++++ Available data ++++

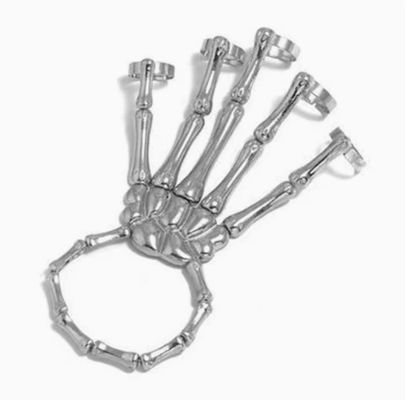 🖤 BoneGlam™ Gothic Skeleton Hand Ring – Halloween Statement Jewelry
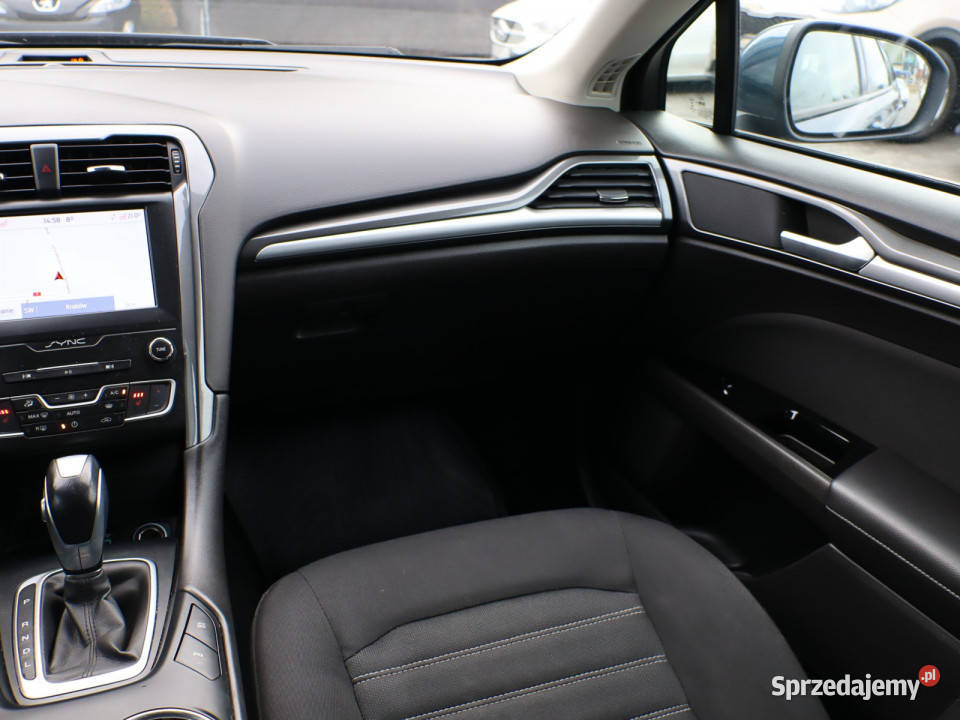 Ford Mondeo 20 Hybrid niebieski Mondeo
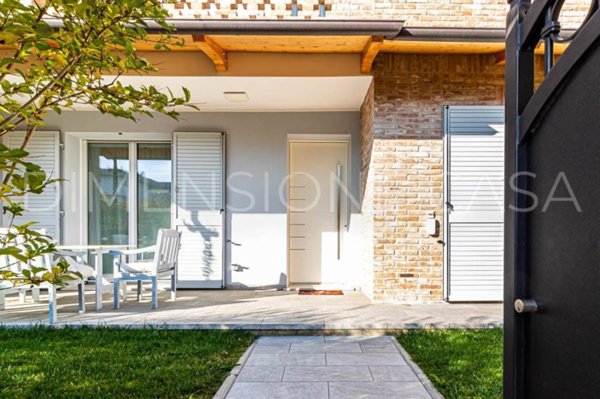 casa indipendente in vendita a Carpi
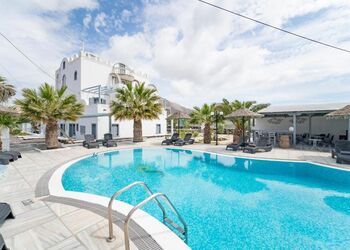 Black Coast Hotel Santorini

++++

* **Task statement**
Only the lines from the one containing "casa indipendente in vendita a Carpi" through the last line of the data may appear in the answer, each given again exactly and with pictures left out.

* **Result below**
 casa indipendente in vendita a Carpi
 Black Coast Hotel Santorini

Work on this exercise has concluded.